The bird is a swallow, as in Rondine, you know.
I would say that the first two acts are at least very reminiscent of operetta. You are right that the third act is ultimately tragic, but the first two acts are comic. The pair of Lisette and Prunier is a classic buffo pair, just like Magdalena and David in Meistersinger. I'm not saying La rondine is an operetta, I consider it a tragic comedy myself, but it was originally conceived as an operetta.
And no, Fanciulla is not an operetta. It does not contain the same comic elements as Rondine.


----------



## arts (Jun 17, 2011)

MAuer said:


> I envy your mom. To be able to speak four languages is fantastic. Although I understand and read German, I'm not nearly as fluent in it as I would like to be. (My mom came from Germany, but we never learned to speak the language as children -- I studied it in college.) Still, knowing another language opens up a whole culture for you.
> 
> Of course, you'll have plenty of time to study other languages. If you're planning a career as an opera singer, you'll want to learn Italian, German, or French, since the majority of the mainstream opera repertoire is written in one of those three.

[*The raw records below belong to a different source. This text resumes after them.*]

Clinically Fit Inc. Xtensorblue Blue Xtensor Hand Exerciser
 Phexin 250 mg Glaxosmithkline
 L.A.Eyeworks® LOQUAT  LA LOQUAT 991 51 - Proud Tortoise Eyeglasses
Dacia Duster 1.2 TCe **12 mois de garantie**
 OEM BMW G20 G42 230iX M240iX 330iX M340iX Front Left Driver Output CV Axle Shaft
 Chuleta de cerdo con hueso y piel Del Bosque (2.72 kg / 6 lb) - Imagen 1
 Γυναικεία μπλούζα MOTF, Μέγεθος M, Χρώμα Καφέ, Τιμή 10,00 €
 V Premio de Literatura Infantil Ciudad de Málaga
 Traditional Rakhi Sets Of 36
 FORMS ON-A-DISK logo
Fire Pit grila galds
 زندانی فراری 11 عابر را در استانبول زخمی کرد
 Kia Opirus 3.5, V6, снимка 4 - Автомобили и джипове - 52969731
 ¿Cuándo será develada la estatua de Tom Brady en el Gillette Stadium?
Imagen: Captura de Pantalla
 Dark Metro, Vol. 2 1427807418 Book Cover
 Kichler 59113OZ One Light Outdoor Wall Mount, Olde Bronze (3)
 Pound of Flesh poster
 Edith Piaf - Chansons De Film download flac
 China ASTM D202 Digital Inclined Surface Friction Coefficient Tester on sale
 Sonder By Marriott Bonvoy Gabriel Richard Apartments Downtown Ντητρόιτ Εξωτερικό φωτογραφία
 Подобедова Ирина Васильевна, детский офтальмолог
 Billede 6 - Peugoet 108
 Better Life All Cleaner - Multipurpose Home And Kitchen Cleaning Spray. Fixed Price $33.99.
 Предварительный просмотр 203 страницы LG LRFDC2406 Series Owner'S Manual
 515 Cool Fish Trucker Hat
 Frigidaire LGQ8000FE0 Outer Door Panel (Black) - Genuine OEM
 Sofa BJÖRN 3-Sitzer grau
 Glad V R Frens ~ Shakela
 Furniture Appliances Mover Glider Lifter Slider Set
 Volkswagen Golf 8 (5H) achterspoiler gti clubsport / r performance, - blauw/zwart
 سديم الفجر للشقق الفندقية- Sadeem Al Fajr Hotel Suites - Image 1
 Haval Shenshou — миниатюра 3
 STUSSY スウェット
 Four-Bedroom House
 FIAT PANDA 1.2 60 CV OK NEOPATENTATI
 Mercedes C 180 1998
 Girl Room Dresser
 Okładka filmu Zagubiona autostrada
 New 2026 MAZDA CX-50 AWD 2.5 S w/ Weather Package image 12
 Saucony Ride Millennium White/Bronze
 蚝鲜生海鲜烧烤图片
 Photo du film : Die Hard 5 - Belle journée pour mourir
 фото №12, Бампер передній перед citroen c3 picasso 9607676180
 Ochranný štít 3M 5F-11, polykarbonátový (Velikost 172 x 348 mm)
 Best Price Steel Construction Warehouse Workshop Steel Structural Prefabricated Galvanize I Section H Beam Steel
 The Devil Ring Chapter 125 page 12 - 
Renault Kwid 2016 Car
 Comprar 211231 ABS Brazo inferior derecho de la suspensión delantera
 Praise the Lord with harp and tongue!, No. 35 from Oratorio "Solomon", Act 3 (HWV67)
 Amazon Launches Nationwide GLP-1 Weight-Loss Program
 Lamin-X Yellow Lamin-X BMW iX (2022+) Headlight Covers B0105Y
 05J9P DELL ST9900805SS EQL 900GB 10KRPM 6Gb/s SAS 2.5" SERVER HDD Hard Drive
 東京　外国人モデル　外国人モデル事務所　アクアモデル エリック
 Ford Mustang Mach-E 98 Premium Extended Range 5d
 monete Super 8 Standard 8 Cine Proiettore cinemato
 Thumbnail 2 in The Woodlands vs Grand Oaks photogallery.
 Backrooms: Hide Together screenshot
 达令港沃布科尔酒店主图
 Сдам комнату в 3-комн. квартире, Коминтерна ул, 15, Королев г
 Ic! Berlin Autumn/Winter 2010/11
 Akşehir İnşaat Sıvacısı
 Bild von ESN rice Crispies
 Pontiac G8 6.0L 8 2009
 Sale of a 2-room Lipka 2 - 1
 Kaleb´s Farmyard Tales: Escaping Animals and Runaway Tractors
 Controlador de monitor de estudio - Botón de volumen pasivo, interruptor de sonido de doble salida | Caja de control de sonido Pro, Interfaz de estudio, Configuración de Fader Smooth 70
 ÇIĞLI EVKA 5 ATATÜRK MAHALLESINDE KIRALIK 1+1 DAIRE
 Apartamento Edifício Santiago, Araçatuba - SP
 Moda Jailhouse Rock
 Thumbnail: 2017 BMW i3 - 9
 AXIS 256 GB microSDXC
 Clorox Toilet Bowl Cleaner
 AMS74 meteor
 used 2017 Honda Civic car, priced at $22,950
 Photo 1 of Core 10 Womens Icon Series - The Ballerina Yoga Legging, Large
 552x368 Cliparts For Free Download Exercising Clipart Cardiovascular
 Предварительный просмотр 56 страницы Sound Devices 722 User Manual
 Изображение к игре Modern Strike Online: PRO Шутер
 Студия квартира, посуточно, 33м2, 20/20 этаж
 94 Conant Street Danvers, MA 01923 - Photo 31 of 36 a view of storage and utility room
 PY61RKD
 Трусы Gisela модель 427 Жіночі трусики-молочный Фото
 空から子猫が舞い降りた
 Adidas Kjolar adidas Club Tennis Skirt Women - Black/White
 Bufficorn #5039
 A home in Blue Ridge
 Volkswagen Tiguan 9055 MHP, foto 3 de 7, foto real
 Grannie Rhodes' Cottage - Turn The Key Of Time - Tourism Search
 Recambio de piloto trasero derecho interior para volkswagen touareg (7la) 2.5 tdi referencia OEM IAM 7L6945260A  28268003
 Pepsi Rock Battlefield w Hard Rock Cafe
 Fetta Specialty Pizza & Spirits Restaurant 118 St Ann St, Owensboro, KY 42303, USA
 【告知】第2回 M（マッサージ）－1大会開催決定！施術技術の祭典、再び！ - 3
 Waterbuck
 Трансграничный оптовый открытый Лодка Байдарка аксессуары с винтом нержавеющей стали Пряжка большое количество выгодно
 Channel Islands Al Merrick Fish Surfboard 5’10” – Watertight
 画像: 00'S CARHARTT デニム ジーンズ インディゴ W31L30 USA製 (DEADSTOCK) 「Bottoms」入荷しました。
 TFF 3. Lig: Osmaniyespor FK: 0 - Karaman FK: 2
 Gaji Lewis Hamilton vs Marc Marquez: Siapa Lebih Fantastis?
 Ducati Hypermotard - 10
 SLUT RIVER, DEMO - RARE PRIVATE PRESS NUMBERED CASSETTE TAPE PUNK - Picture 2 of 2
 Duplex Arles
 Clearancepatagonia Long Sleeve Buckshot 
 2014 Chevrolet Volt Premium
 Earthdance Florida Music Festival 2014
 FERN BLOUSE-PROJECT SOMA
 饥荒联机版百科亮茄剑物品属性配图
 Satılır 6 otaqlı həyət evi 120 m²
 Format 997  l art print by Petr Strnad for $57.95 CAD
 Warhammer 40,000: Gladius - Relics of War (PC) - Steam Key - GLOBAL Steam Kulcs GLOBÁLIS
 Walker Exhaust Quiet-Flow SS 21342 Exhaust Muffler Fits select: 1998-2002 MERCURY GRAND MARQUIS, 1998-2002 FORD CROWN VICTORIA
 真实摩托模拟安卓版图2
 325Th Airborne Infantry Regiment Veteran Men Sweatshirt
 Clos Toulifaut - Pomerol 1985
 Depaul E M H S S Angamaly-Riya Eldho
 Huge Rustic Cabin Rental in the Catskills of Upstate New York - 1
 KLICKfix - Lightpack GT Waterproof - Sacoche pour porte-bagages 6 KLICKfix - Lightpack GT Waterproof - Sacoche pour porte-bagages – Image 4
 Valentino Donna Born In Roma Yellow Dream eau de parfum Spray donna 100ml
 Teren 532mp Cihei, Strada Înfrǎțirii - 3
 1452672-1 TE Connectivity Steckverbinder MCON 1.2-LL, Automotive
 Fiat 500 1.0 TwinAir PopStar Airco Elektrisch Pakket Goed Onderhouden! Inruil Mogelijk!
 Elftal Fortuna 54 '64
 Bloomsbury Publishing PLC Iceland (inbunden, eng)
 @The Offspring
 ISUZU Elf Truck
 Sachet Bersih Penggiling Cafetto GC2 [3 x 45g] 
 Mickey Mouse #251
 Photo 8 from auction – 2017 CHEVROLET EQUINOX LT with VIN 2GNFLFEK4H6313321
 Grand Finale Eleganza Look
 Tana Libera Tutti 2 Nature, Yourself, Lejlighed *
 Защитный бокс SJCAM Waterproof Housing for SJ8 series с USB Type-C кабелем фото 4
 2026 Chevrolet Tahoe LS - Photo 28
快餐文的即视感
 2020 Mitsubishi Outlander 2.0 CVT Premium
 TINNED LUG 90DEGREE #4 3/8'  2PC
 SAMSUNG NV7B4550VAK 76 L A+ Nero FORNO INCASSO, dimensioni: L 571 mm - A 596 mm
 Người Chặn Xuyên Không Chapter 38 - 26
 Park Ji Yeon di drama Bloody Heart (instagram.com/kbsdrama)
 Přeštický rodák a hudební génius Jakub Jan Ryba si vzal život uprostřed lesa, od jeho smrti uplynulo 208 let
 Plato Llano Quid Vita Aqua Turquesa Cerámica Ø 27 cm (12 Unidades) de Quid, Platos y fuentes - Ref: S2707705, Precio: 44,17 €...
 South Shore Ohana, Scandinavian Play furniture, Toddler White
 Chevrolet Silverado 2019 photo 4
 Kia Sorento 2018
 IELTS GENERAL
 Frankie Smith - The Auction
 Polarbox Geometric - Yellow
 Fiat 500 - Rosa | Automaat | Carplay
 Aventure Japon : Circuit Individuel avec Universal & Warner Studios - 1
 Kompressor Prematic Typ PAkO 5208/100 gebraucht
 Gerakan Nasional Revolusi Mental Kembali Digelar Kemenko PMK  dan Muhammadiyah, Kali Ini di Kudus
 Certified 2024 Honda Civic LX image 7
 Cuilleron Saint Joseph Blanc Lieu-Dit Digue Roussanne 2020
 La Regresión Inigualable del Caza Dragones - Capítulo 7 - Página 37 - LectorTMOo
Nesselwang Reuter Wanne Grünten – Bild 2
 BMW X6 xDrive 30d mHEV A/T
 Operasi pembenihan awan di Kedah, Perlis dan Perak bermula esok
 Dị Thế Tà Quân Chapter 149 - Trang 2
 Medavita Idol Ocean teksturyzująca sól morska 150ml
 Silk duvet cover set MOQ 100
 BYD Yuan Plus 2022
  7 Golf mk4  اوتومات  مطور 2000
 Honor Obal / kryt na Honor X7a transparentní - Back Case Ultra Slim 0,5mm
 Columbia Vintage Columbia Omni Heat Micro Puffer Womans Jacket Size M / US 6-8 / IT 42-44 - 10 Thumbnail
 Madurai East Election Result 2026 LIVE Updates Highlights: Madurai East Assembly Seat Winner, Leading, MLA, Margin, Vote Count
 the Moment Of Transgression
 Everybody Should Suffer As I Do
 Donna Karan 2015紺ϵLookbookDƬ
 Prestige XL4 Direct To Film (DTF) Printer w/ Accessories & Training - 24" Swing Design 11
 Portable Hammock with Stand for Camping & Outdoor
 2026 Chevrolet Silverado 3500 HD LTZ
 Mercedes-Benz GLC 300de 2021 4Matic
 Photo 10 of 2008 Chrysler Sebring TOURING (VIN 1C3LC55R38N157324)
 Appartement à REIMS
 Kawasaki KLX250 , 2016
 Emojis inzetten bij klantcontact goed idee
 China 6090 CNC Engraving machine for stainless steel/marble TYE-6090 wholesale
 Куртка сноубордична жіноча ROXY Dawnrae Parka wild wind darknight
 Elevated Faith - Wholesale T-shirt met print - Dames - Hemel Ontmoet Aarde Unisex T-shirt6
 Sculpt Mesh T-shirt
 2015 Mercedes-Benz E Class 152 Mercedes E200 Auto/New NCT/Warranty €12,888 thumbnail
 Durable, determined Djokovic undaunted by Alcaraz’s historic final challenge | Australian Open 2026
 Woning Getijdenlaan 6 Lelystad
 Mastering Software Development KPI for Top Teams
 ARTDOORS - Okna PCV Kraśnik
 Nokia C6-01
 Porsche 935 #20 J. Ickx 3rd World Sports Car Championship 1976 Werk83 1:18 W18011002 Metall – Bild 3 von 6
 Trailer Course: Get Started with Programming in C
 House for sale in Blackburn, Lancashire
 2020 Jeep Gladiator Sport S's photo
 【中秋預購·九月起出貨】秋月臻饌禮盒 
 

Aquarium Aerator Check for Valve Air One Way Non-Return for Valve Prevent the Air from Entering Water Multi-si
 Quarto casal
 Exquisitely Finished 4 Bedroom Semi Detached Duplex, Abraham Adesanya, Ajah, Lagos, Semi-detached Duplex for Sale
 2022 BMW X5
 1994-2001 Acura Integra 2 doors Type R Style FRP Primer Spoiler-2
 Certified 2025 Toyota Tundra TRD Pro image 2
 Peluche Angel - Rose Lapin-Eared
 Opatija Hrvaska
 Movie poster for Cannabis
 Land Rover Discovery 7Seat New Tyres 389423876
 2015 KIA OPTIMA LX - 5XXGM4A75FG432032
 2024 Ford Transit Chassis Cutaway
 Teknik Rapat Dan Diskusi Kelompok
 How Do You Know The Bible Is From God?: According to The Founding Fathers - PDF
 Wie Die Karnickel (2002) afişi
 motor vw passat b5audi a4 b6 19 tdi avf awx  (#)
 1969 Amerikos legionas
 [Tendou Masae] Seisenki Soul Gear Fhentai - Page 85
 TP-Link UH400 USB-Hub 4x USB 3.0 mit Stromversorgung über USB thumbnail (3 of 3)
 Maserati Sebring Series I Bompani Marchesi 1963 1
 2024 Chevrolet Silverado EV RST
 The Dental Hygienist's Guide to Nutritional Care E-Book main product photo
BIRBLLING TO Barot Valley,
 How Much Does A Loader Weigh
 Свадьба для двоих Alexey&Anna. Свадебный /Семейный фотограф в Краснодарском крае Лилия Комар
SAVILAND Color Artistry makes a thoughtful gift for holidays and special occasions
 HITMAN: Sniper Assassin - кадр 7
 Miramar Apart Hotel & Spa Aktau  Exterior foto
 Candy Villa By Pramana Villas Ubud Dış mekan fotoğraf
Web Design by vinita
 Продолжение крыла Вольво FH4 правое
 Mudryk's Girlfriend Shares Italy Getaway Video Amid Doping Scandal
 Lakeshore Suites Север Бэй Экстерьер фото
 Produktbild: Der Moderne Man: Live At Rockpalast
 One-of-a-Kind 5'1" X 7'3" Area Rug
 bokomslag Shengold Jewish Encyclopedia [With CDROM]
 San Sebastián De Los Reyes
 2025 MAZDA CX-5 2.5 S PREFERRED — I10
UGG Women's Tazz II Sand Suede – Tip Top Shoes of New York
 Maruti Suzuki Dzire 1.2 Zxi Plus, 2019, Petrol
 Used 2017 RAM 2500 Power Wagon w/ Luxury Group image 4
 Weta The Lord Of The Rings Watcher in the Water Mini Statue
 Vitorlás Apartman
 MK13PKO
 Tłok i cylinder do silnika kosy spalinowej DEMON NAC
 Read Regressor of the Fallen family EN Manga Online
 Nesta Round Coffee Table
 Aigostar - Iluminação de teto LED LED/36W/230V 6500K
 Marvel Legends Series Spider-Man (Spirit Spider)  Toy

It's great that you'll be singing something in Czech and getting familiar with the sound of that language.


I am home-schooled. One of my classes is Italian. My singing teacher helps with pronunciation in the songs he assigns me but to really learn the language I have to hit the books and CDs. I'm only in my first class of Italian now. I wish one of the languages my mom can speak is Italian. I got interested in Italian for my singing.
I am almost finished with my song in Czech. That was quite challenging.


----------



## arts (Jun 17, 2011)

Actually singing and playing piano are what I picked. My mom is an artist and tried teaching me to draw and paint. Which I did, but I wasn’t passionate about it. My dad is a gold medalist in gymnastics and martial arts teacher. I do those too because I’m still in middle school and need gym classes. 
The Met!! I really want to go to the Met for a performance someday. That would be so cool. Is your daughter a stage manager now or is she studying to be one?


----------



## arts (Jun 17, 2011)

Couchie said:


> Elena is 13. Many of the greatest opera singers started in their 20s and 30s. It's a career where your prime time will be in your 40s and 50s. Plenty of time for Elena to spend chasing other passions and become a well rounded individual. You don't really start singing opera until you're a fully matured adult anyways.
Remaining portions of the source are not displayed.